The module path is github.com/thebtf/aimux/loom. It is a standalone nested module — it does NOT pull in the full aimux server or any MCP dependencies.

Minimum Go version: 1.25.

Quick Start

The minimal pattern is: create an engine from an SQLite database, register a worker, submit a task, and poll until completion.

package main

import (
    "context"
    "database/sql"
    "fmt"
    "log"
    "time"

    _ "modernc.org/sqlite"
    "github.com/thebtf/aimux/loom"
)

// echoWorker returns the prompt back as the result.
type echoWorker struct{}

func (echoWorker) Type() loom.WorkerType { return loom.WorkerTypeCLI }
func (echoWorker) Execute(_ context.Context, t *loom.Task) (*loom.WorkerResult, error) {
    return &loom.WorkerResult{Content: "hello: " + t.Prompt}, nil
}

func main() {
    db, _ := sql.Open("sqlite", "file:hello?cache=shared&mode=memory")
    defer db.Close()

    engine, err := loom.NewEngine(db)
    if err != nil {
        log.Fatal(err)
    }
    engine.RegisterWorker(loom.WorkerTypeCLI, echoWorker{})

    id, err := engine.Submit(context.Background(), loom.TaskRequest{
        WorkerType: loom.WorkerTypeCLI,
        ProjectID:  "demo",
        Prompt:     "world",
    })
    if err != nil {
        log.Fatal(err)
    }
    fmt.Printf("submitted: %s\n", id)

    for i := 0; i < 20; i++ {
        task, _ := engine.Get(id)
        if task.Status == loom.TaskStatusCompleted {
            fmt.Printf("status: %s\nresult: %s\n", task.Status, task.Result)
            return
        }
        time.Sleep(50 * time.Millisecond)
    }
    log.Fatal("timeout")
}

See examples/hello/main.go for the full runnable version.

Concepts

Task

A Task is the unit of work. It carries an auto-generated ID, a ProjectID for multi-tenant isolation, a RequestID for distributed tracing, a free-form Prompt string, optional Env/CWD overrides, and routing hints (CLI, Role, Model).
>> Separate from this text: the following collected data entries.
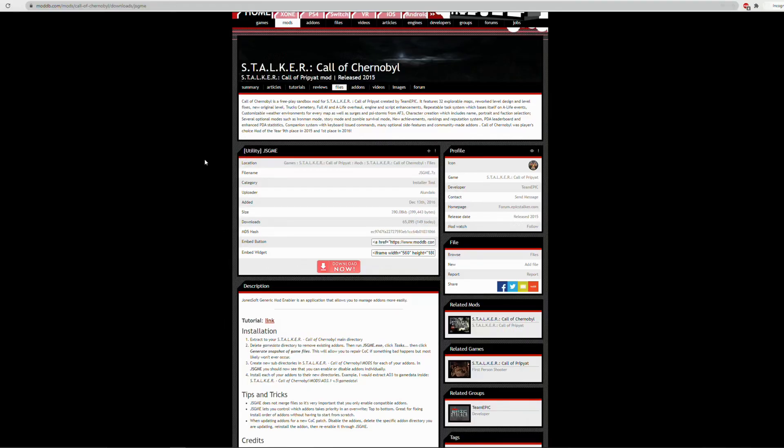First we're going to look at the utility called JSGME. The download link will be available in the description and you'll be brought to this page here, where you'll want to click this download now button.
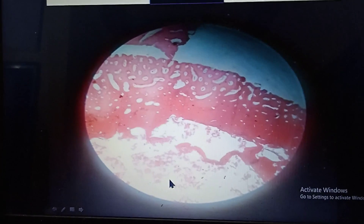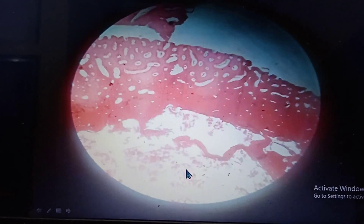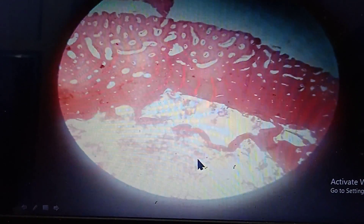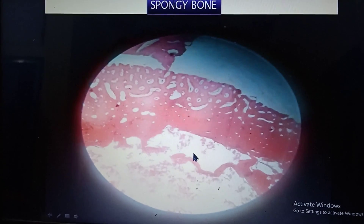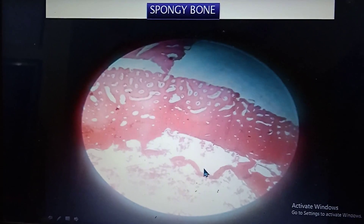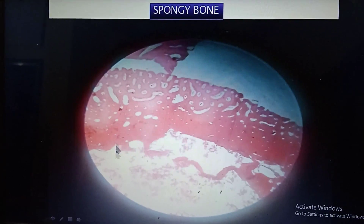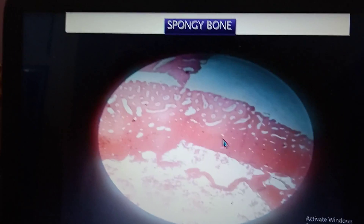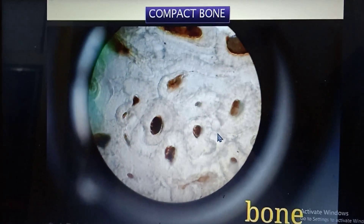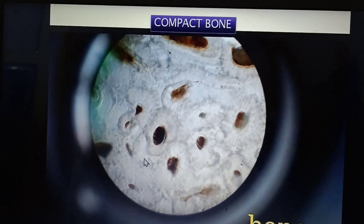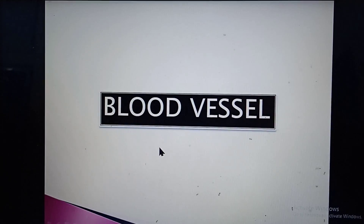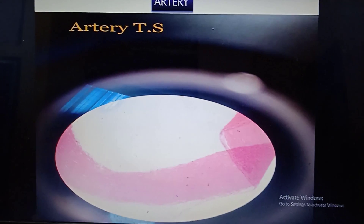Now coming to bone. This is spongy bone, evidenced by the trabecular pattern, and the lacunae are blood-filled. This is compact bone. Both types of bone may be present — you may write spongy bone in the center and compact bone at the periphery. Compact bone is evidenced by the presence of a Haversian system, which is clearly seen in the picture.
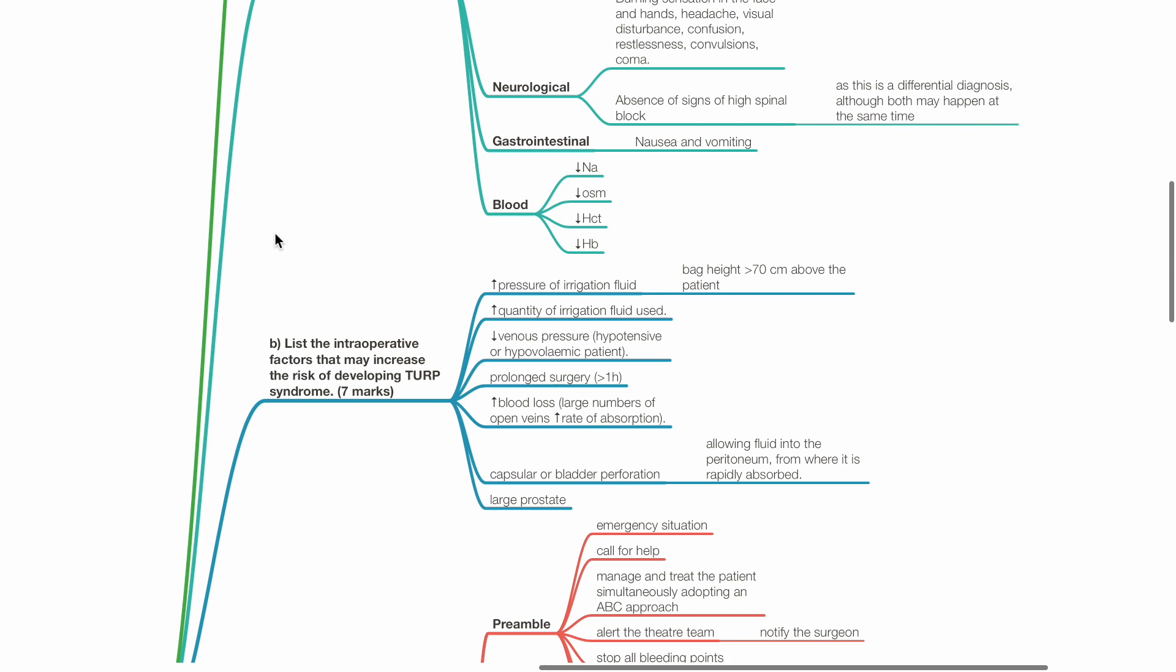Reduced venous pressure such as in a hypotensive or hypovolemic patient, prolonged surgery lasting more than one hour, increased blood loss which increases the number of open veins increasing the rate of absorption of irrigation fluid, and capsular or bladder perforation which allows fluid into the peritoneum from which it is rapidly absorbed. Enlarged prostate.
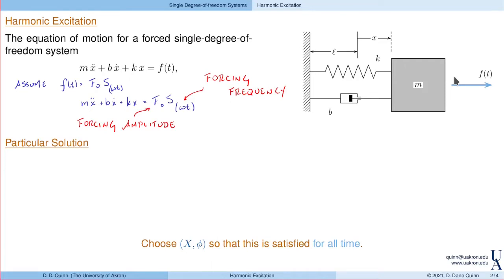In that last lecture we also talked about the importance of particular solutions. For systems with damping, the homogeneous solution — which has all of the dependence on the initial conditions — ends up decaying away. So as time goes by, the response of a mechanical system ends up being closely, and exponentially closely, approximated by its particular solution. So we really want to go through and figure out what this is.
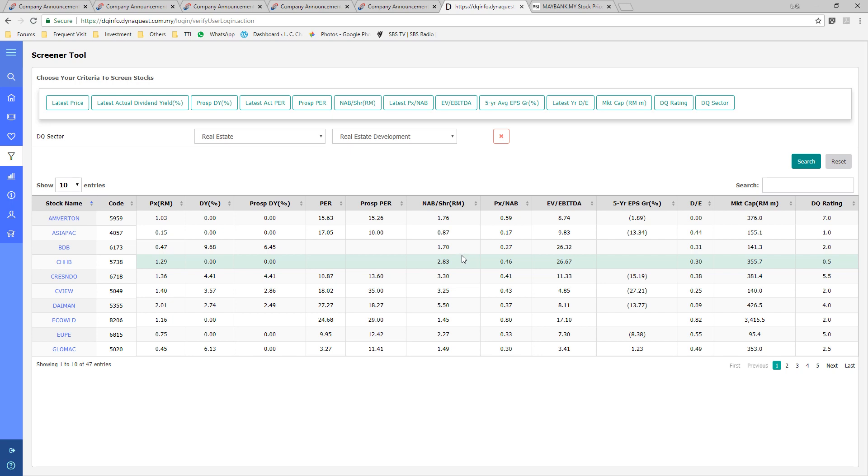Well, we can argue that why not compare Bursa with other public listed stock exchange in other countries. However, it may not be an apple to apple comparison because of different regulations, government policies, and economic conditions.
Tasks are created by Submit and persisted to SQLite immediately. Their status advances through a documented state machine (see CONTRACT.md).

Worker

A Worker is any type that implements two methods:

type Worker interface {
    Execute(ctx context.Context, task *Task) (*WorkerResult, error)
    Type() WorkerType
}

The library ships three composable bases in loom/workers/:

Base Use case
SubprocessBase Wraps an os/exec subprocess
HTTPBase Makes HTTP calls with retry/backoff
StreamingBase Adds line-by-line progress to any inner Worker
Engine

LoomEngine owns dispatch, persistence, event delivery, and cancellation. It is created once per process via NewEngine(db, opts...).
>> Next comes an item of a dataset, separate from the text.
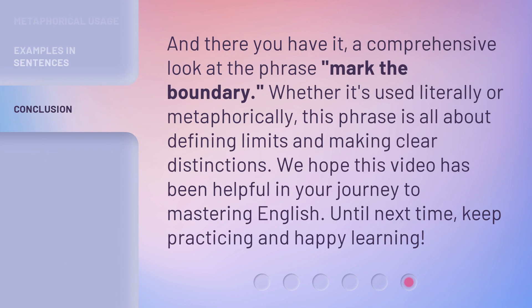And there you have it — a comprehensive look at the phrase 'Mark the Boundary.' Whether it's used literally or metaphorically, this phrase is all about defining limits and making clear distinctions. We hope this video has been helpful in your journey to mastering English. Until next time, keep practicing and happy learning!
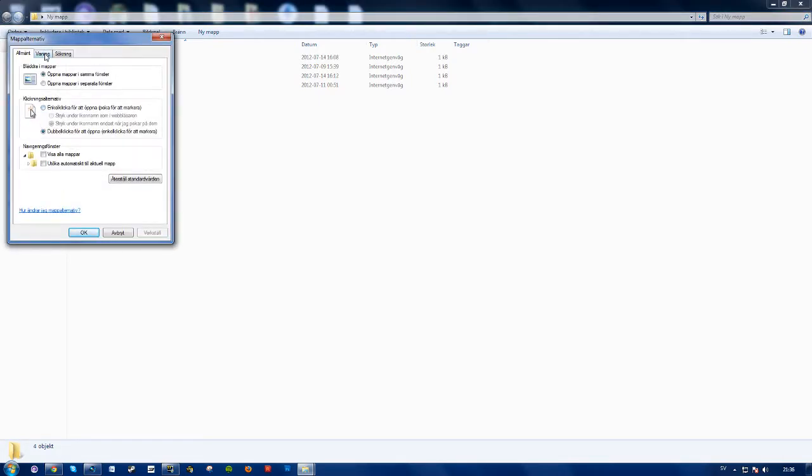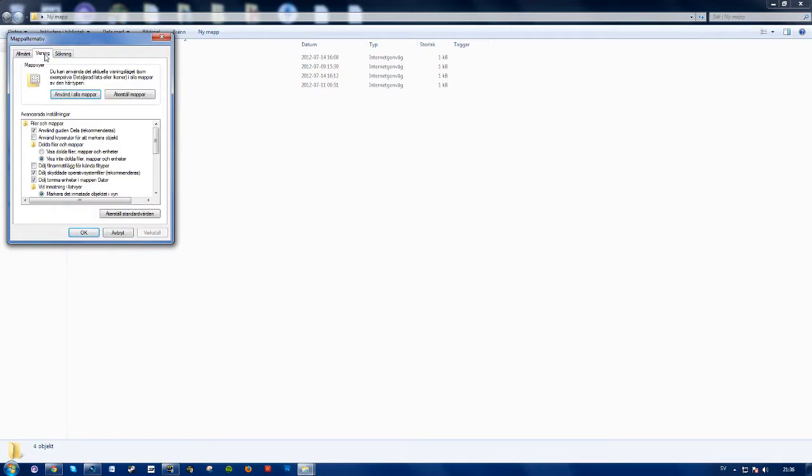go to visibility perhaps, the one in the middle here. And go down to this one here, hide file extensions for known file types I believe it's called in English.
engine, _ := loom.NewEngine(db,
    loom.WithLogger(myLogger),
    loom.WithMeter(myMeter),
)
engine.RegisterWorker(loom.WorkerTypeCLI, myWorker)
QualityGate

After Execute returns, the result is evaluated before the task transitions to completed. The gate rejects empty output and rate-limit responses (both trigger retry up to maxRetries). Thrashing detection (Jaccard similarity across the last N results) prevents infinite retry loops.

Events

Subscribe to task lifecycle events via the event bus:

unsubscribe := engine.Events().Subscribe(func(e loom.TaskEvent) {
    fmt.Printf("%s → %s\n", e.TaskID, e.Status)
})
defer unsubscribe()

Delivery is synchronous on the dispatch goroutine. Subscribers must return quickly — offload heavy work to their own goroutine.

Crash Recovery

Call RecoverCrashed() once during daemon startup:

n, err := engine.RecoverCrashed()
log.Printf("marked %d crashed tasks as failed_crash", n)
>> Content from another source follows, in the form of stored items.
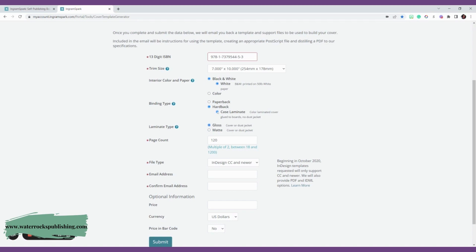Then you'll make sure you have everything. Hardback case laminate, cover, gloss, how many pages—you'll put the page amount. And then it'll ask what type of file type would you like. You can do any of these three, but I like to do PDF because my KDP is in PDF, my interior is in PDF. So just keep it consistent and do PDF.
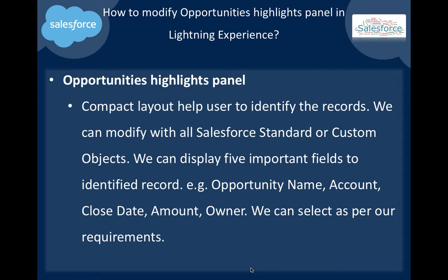For example: Opportunity Name, Account Name, Close Date, Amount, and Owner. We can select fields as per our requirements.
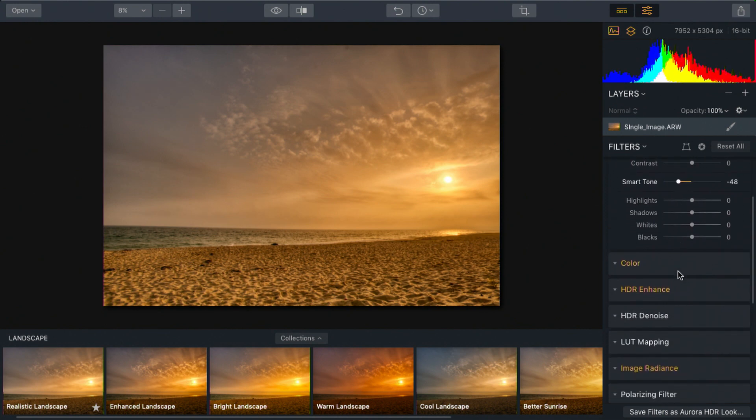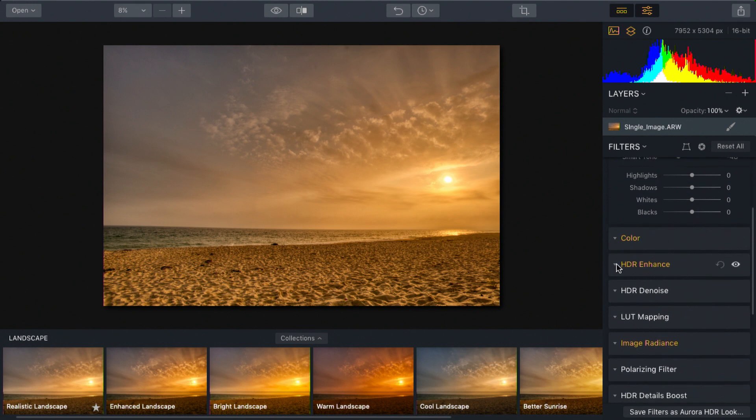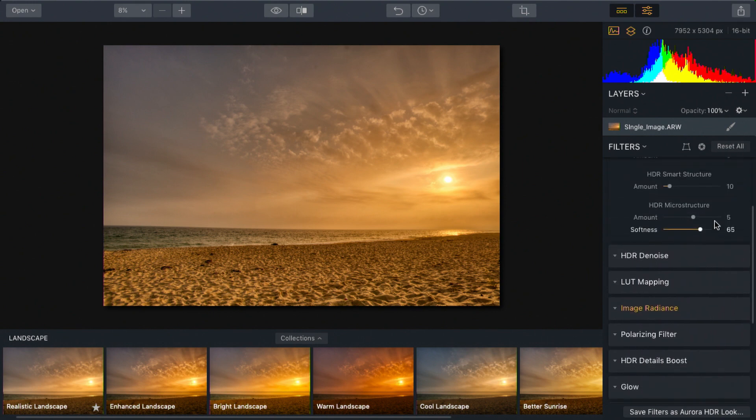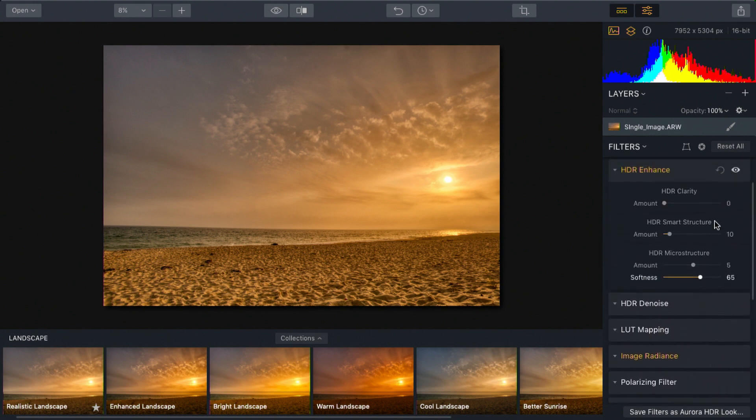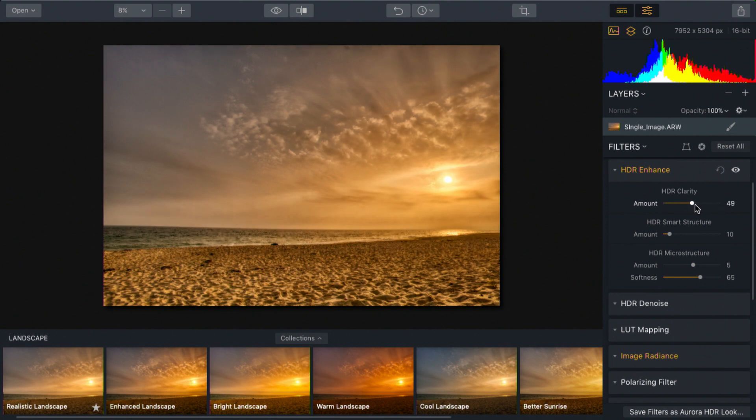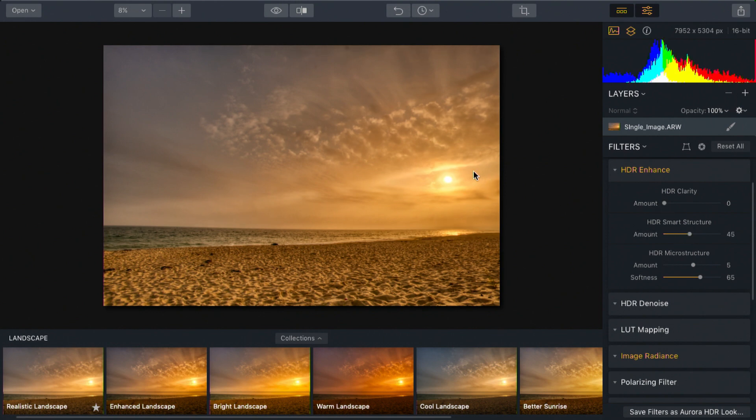Then from the HDR enhanced section, I can deal with the overall image, adding in a lot of clarity if I want more definition there on the sky, or perhaps a little bit of smart structure, which puts a little bit of depth into the clouds and those scenes. That looks great.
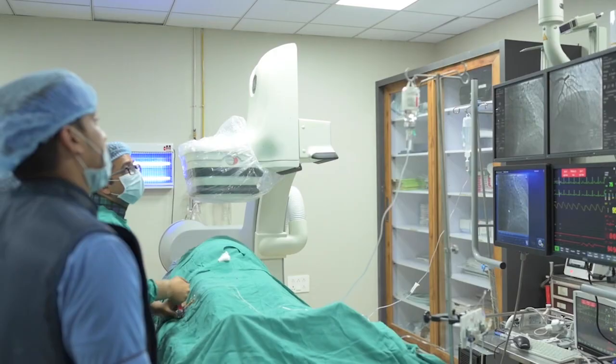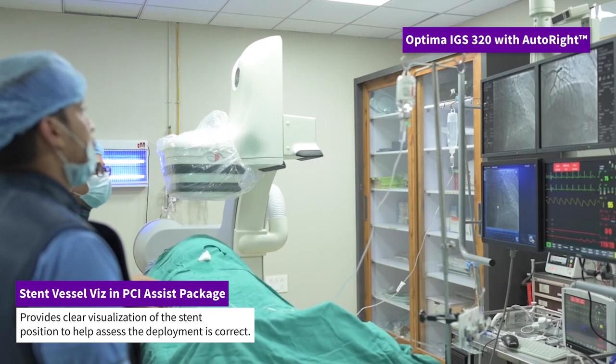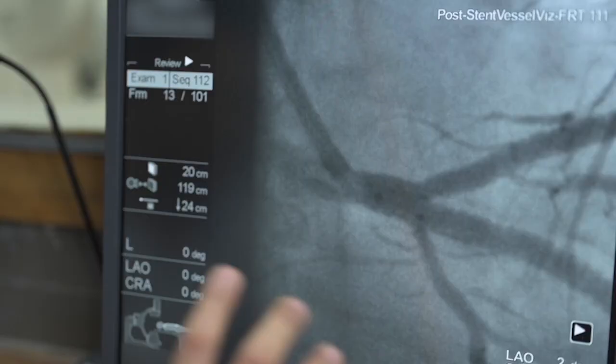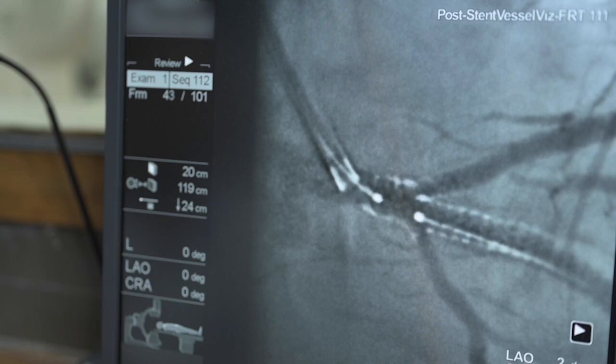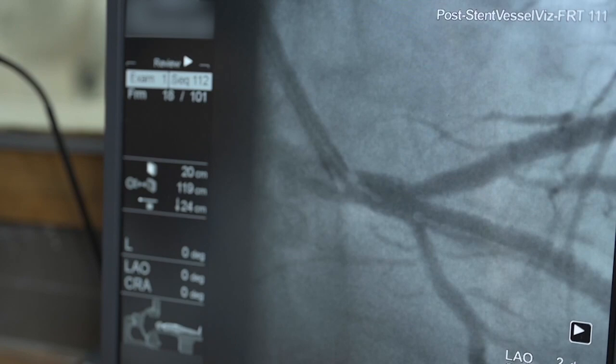It has a very good stent vessel width feature, because I am one of the operators who do imaging in all their cases. The stent vessel width gives you a very clear approximation of whether the stent is malapposed or is very well opposed to the artery.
This marks any tasks still in dispatched or running state as failed_crash.

Dependencies

The loom module has a strict, minimal dependency closure:

Dependency Purpose
stdlib All language primitives
github.com/google/uuid Task ID generation (UUID v7)
go.opentelemetry.io/otel/metric OTel metric API (API-only, no SDK)
modernc.org/sqlite Pure-Go SQLite driver (no CGO)

No MCP SDK, no aimux server code, no external HTTP clients beyond stdlib.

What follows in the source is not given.